Arguments 1, 2, 3, and 5 control the process described above. Argument 6 controls the criterion for declaring a conformation encountered during a simulation to be an instance of one of the IMPS input conformations, and Argument 7 controls the action to be taken when an importance-sampling step is scheduled, but the starting conformation does not correspond to any IMPS input conformation.

ITBS — Improper Torsion energy BiaSing

This command is used to bias the energy of a conformational family with a proper or improper torsion (also with a proper torsion) in a specific range by a constant amount. If, for example, the steric binding energies of conformations of L-family ligands are much lower than those of the D-family ligands, then attempts to calculate the enantioselectivity by jumping between the L and D families is likely to fail, because most L → D jumps will be rejected. In such cases, it is possible to artificially stabilize the D family by subtracting from the steric energies of its members a constant amount. This number must then be added back to the free-energy difference at the end of the simulation. If, for example, an energy value of 1.5 kcal/mol is subtracted from the members of the D family during the run, leading to a D/L free-energy difference of 0.5 kcal/mol in favor of the latter, then the real free-energy difference is 0.5 + 1.5 = 2 kcal/mol.

IMCC — IMportance sampling Chirality Check

This command is used to define chiral centers to be checked when assigning the simulated structure to one of the input structures.

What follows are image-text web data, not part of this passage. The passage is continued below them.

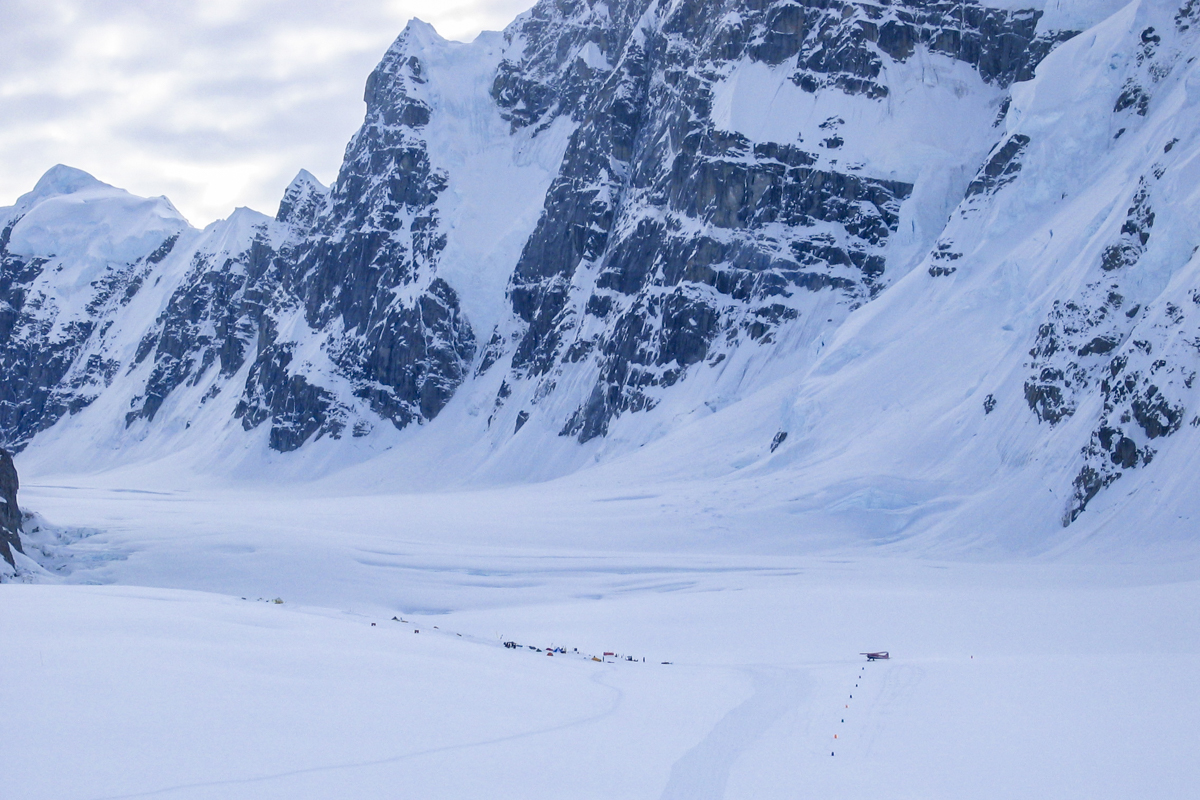 Flying into Base Camp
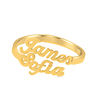 Thumbnail Image 0 of Couple's Script Name Bypass Adjustable Ring in Sterling Silver with 14K Gold Plate (2 Lines)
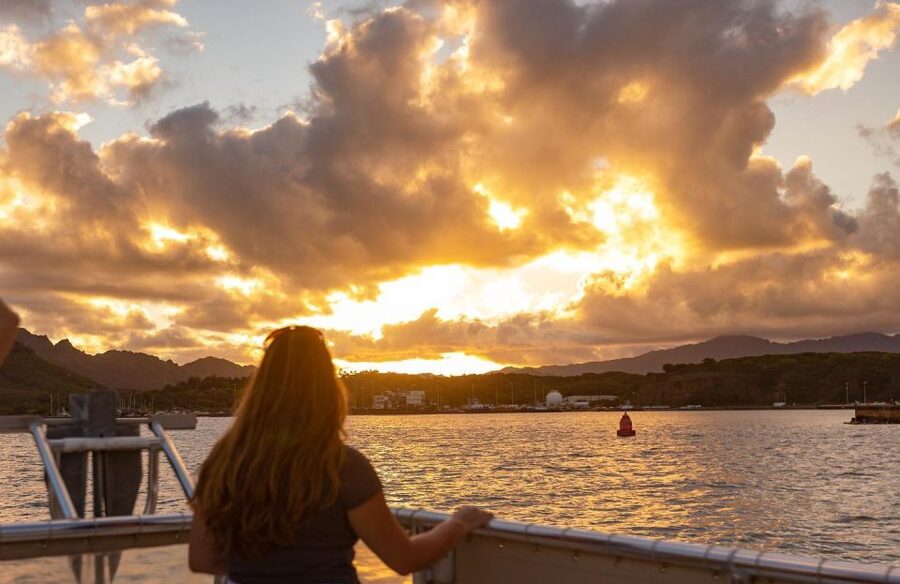 Kauai: Catamaran Sunset Cruise - From Nawiliwili Harbor to the Hulei’a River
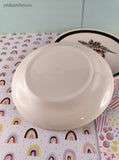 Vintage MCM Royal China by Jeannette "Frolic" Brown Orange Autumn Dessert Plates Set/2, 6.5"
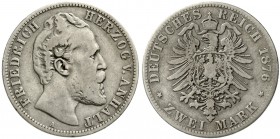 Reichssilbermünzen J. 19-178, Anhalt, Friedrich I., 1871-1904
2 Mark 1876 A. schön/sehr schön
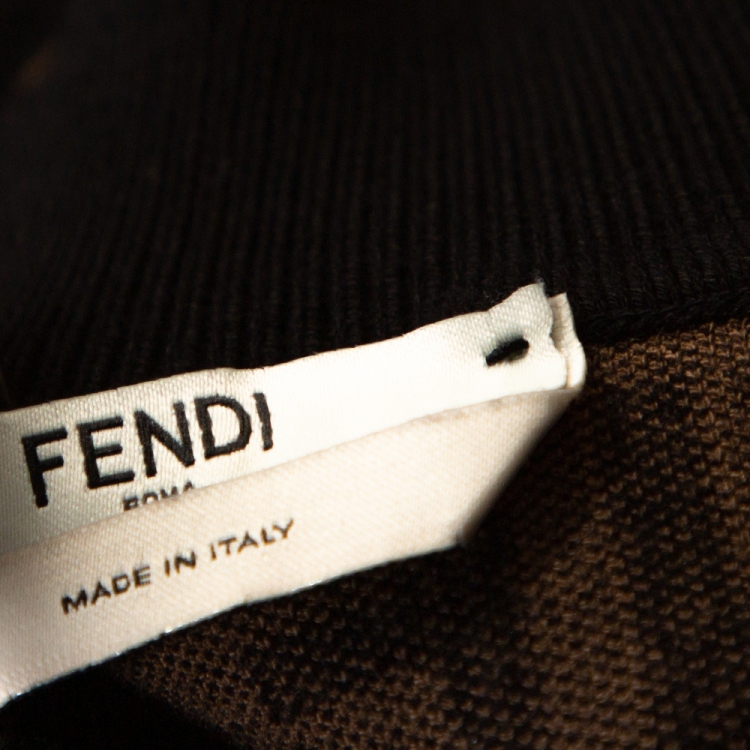 Pre Owned Fendi Brown Zucca Monogram Intarsia Knit Pencil Skirt S 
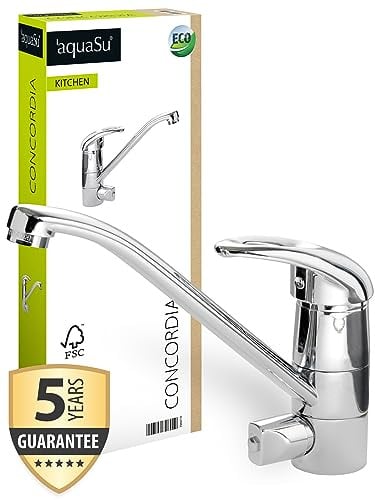 aquaSu® Spültischarmatur mit Geräteanschluss Concordia, Einhebelmischer mit Wasserspar-Kartusche, Wasserhahn für Spüle, Auslauf schwenkbar, Standard-Befestigung, Messingkern, chrom, 796019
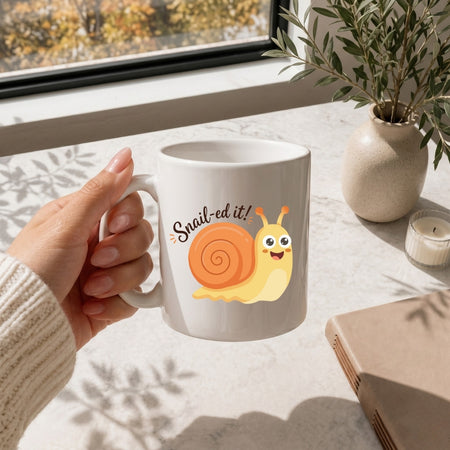 A person holding a white ceramic mug featuring a smiling cartoon snail graphic and the text "Snail-ed it!".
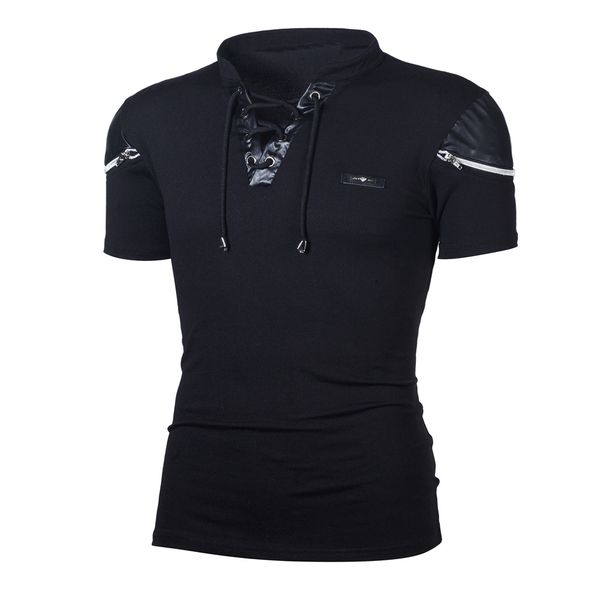 2019 summer short sleeve fitness t shirt men fashion drawstring stand collar patchwork t-shirt solid slim fit tshirt w413, White;black
2019 summer short sleeve fitness t shirt men fashion drawstring stand collar patchwork t-shirt solid slim fit tshirt w413, White;black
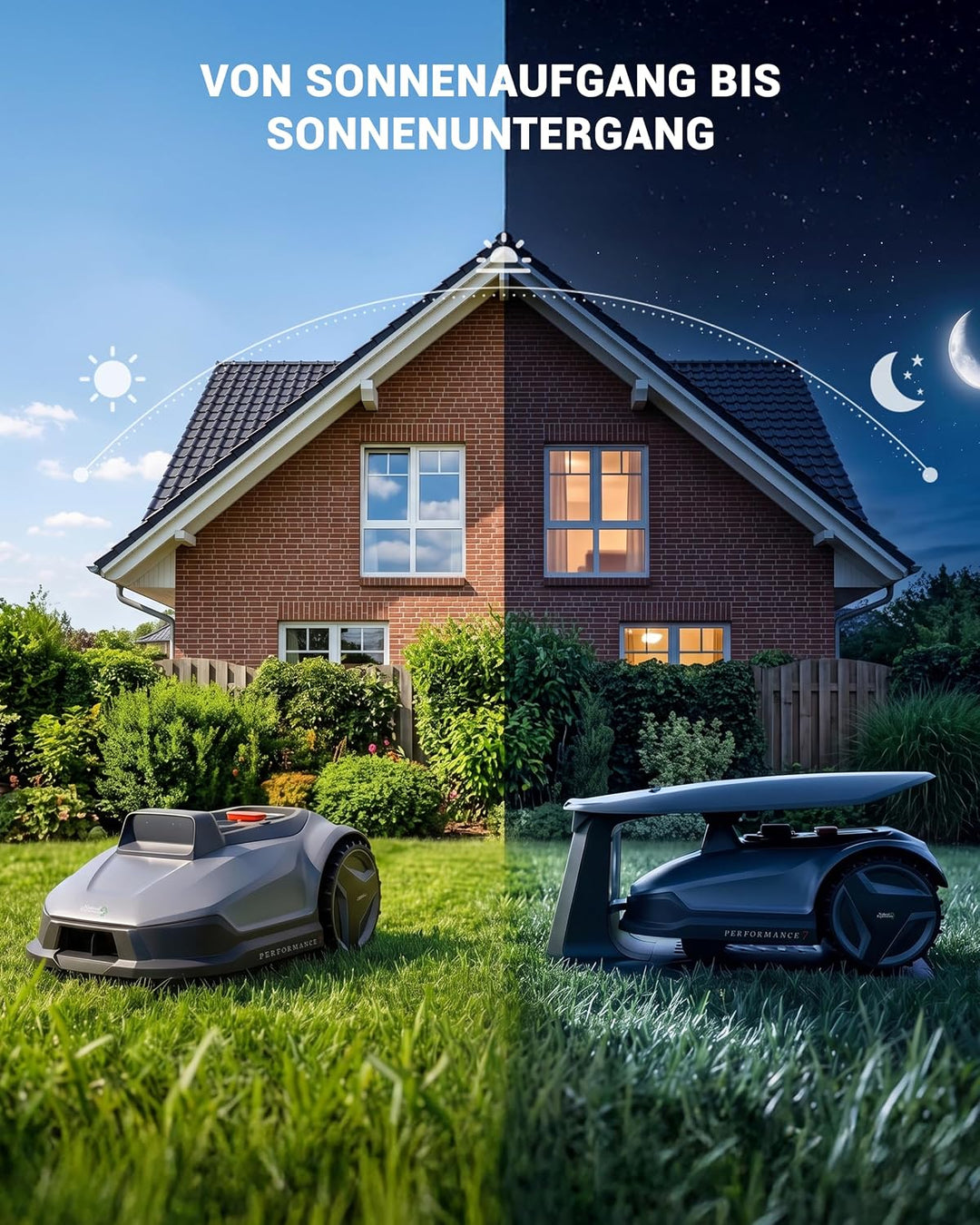 Natural Expressions Performance 7 Mähroboter ohne Begrenzungskabel mit Garage, 500m² Rasenmäher kein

The current structure will not be assigned to an input structure if the chirality of one of its centers is different from that of the input structure. This command must come before the IMPS command.

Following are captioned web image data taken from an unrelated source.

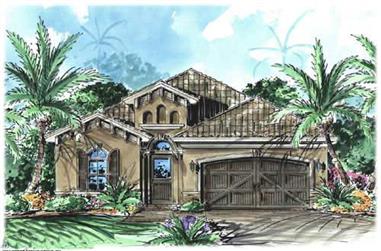 3-Bedroom, 1758 Sq Ft California Style House Plan - 175-1042 - Front Exterior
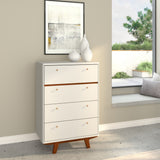 Alpine Furniture Dakota 4 Drawer Chest 1974-05 White with Acorn Accents Mahogany Solids & Veneer 30 x 18 x 44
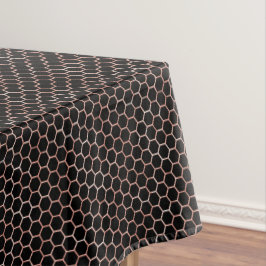 Modernes elegantes Black & Gold Bee Honeycomb Must Tischdecke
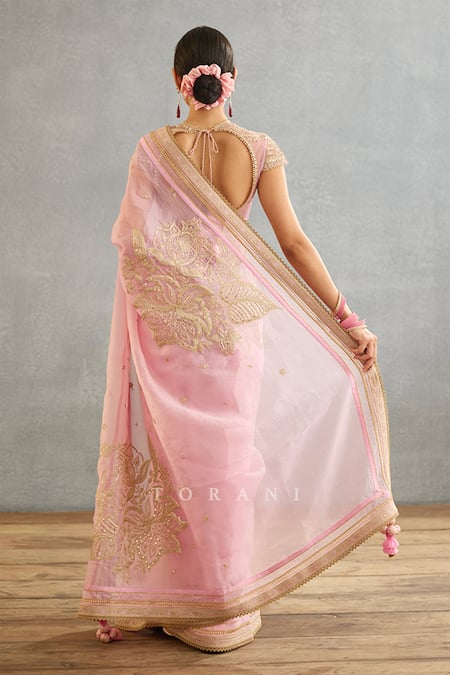 Shop Torani Pink Cotton, Silk Organza Embroidery, Sequins Gul Mohar Taashi Dori Saree at Aza Fashions Shop_Torani_Pink Cotton, Silk Organza Embroidery, Sequins Gul Mohar Taashi Dori Saree _at_Aza_Fashions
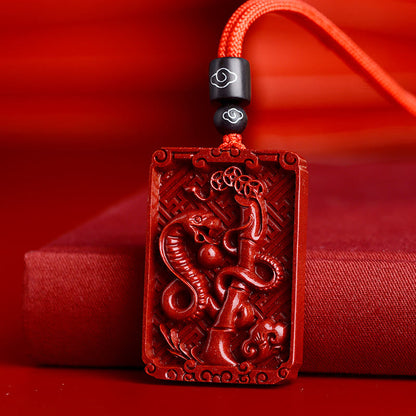 Collier pendentif rectangulaire calme en pierres de Bouddha et zodiaque chinois en cinabre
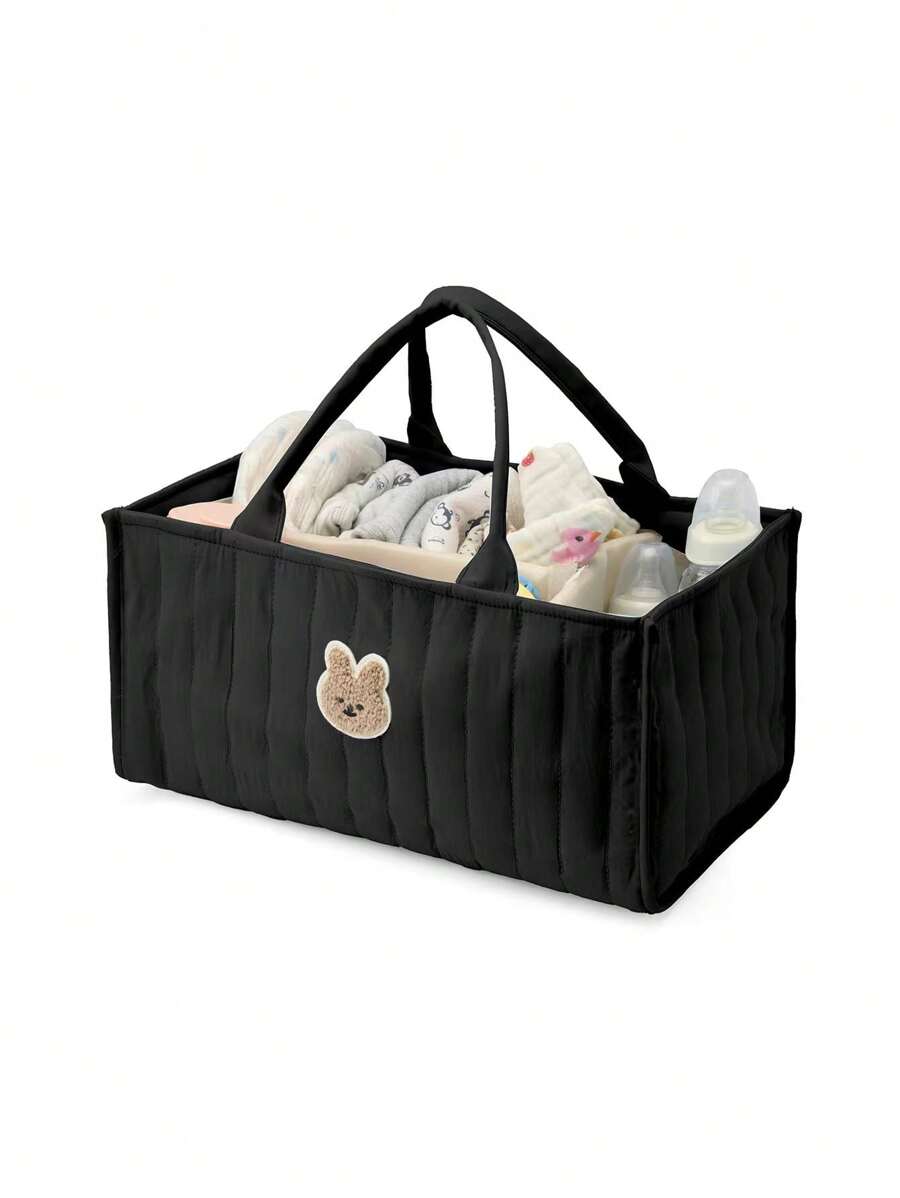 1pc Multi-Functional Diaper Storage Bag For Mother And Baby, Large Capacity Foldable Diaper Bag For Outdoor Use, All Seasons - Black - View 1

TCMP — Torsional CoMParison

Used during importance sampling to define the torsions for torsional RMS calculation and for the torsional check during the assignment of the simulated structure to one of the input structures. Can be used either with torsional RMS calculations (both functions) or with Cartesian RMS calculations (second function only).

ZMAT — Z-MATrix

Defines the internal degrees of freedom (Z-matrix variables) to be sampled during all degrees of freedom MMC or MC(JBW) runs (also used in MCSD and MC(JBW)/SD). In a Z-matrix, each atom (except the first three specified) is defined with a bond length, bond angle, and torsional angle with respect to atoms previously defined. The first atom is defined with respect to itself, the second by a bond length to the first, and the third by a bond length to the second and a bond angle to the first.

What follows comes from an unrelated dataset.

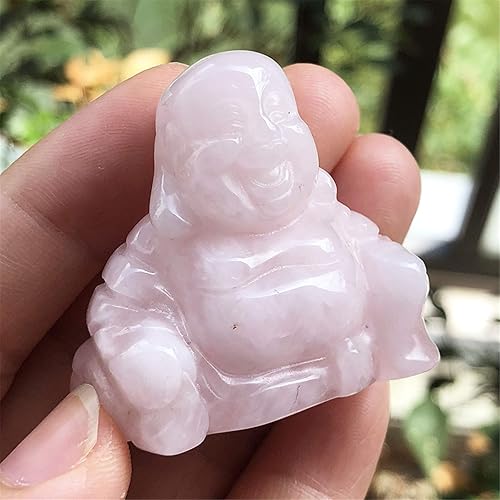 Vista 28 de Fekuar Estatua de Buda Feliz de Aventurina Roja, tallada a mano Maitreya Laughing Buda, escultura de bolsillo de cristal curativo de 1.5 pulgadas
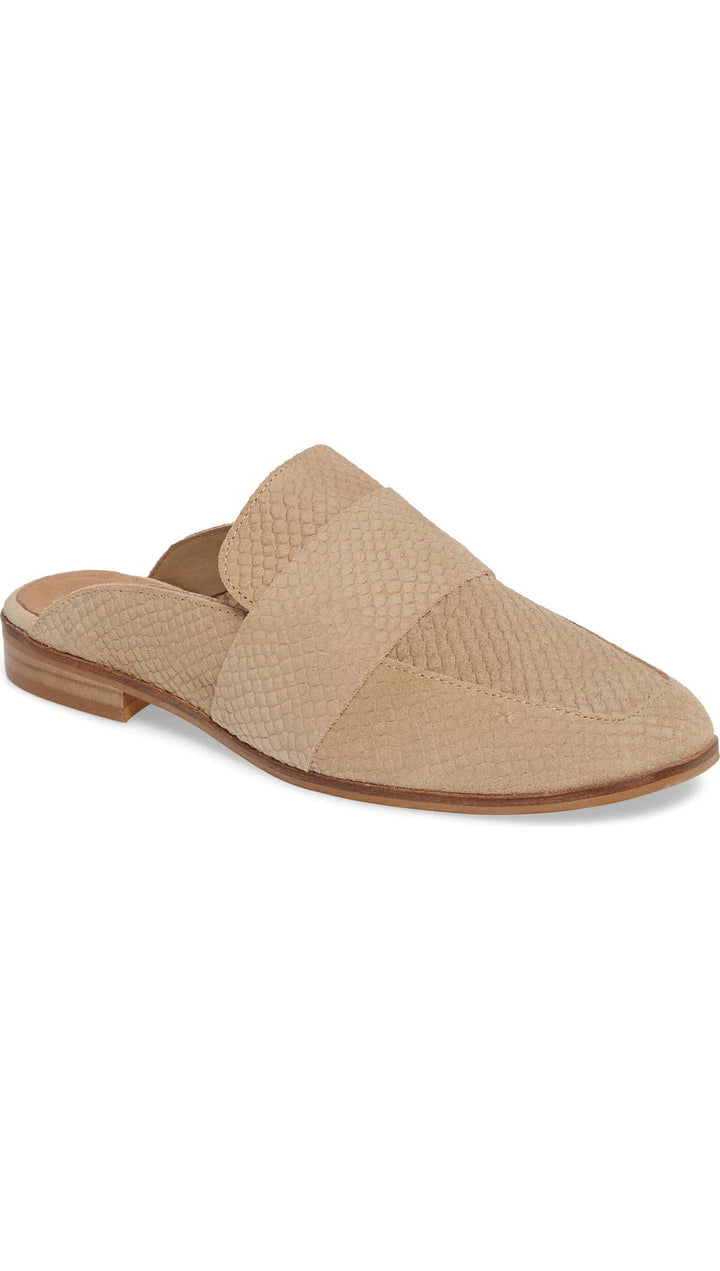 Free People Textile At Ease Loafer Beige Snake Mule Backless | ShopAA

Also defined in this command are the ranges of change/randomization for each degree of freedom. Typical ranges are 0-0.1 Å for bond lengths and 5° for bond angles. In course of an MMC simulation, backbone torsions should be changed by large ranges to allow for a complete sampling of the entire potential energy surface. With the above definition of Z‑matrix, torsions to branched atoms should be changed by a small amount (0-5°) to avoid distorted bond angles. For MC(JBW) and MC(JBW)/SD simulations, typical randomization ranges are 0-0.1A for bond angles and 0-5 for bond and torsion angles. Large randomizations reduce the acceptance rate and the number of conformational interconversions, and have the effect of reducing the JBW procedure to an MMC one.